Harry and I got back to the department at eleven a.m. The sun was high and bright. White gulls keened in the air. We stood on Government Street for a few minutes to shake off our morning with Ben Belker, let the sun bake it from our clothes. After that we’d go sit our desks and wait for something to happen, hoping best, thinking worst.
I looked south. There was little pedestrian traffic, a few businessmen types, a clot of tourists with Hawaiian shirts and neck-slung cameras, typical.
A half-block away I saw a man and a woman in their early twenties walking toward the department. The man looked like an escapee from the Wild West: tall, wide-shouldered, bearded, wearing mud-encrusted denim. The woman was petite, wearing a long white dress over her slender form, the dress also smeared with dirt and mud. She had a white dressing taped to her forehead.
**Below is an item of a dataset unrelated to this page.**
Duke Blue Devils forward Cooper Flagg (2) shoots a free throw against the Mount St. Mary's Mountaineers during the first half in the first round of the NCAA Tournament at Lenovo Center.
The couple looked worn but joyful, the only people to crawl unscathed from a plane crash.
The man was carrying a bundle, held tight to his wide chest. The woman touched at the bundle like it held a magic potion.
I pulled Harry’s sleeve, pointed. We ran to the pair, our hearts wild with hope.
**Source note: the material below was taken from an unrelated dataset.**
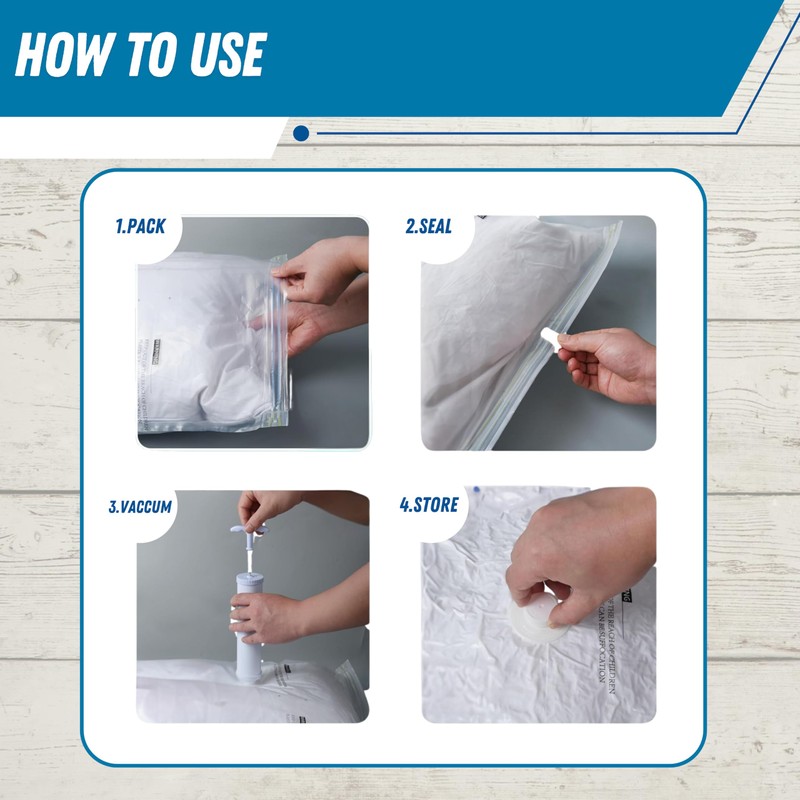 Vacuum Storage Bags for Clothes (Combo Pack of 6)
It was Anak and Rebecca. And their child. The couple told a fantastic tale of being sent to the small house near the Gulf, waiting for more permanent lodging. A group of attackers had arrived from the front. Rebecca ran out the back with her baby in her arms. The man remained inside to fight, wielding a rusty harpoon from the corner. The door had exploded open and a man had jumped in firing a shotgun.
Anak’s harpoon had connected.
Out back, Rebecca saw a shadowy vessel closing in on the house. She placed the baby in a boat, slipped the boat beneath the pier. When she turned and ran, a gunshot grazed her forehead and knocked her unconscious.
Tumult. Pandemonium. The smell of fire. Anak found himself with a sack over his head and a gun at his back, rushed into a watercraft, tossed beside Rebecca.
Someone yelled, “There’s no child. The others must have taken her.”
Curses of anger. The watercraft sped away.
The couple found themselves in an earthen room, probably a hurricane shelter. Food and drink were plentiful. Their captors never spoke, save for a disguised voice that said simply, “Have hope.”
This morning the couple had been gently bound and gagged, heads enshrouded, guided into a vehicle. They had traveled for at least an hour and been dropped off a block from where Harry and I saw them. Pulling flour sacks from their heads they saw a baby on the sidewalk, wrapped in a clean blanket.
It was a strange tale that went one step stranger. When the story started coming out, Harry asked, “What’s the little lady’s name?”
Rebecca pulled her child close, smoothed her hair.
“She was born at one twenty-three a.m. last December twenty-fifth,” Rebecca said. “We named her Noél.”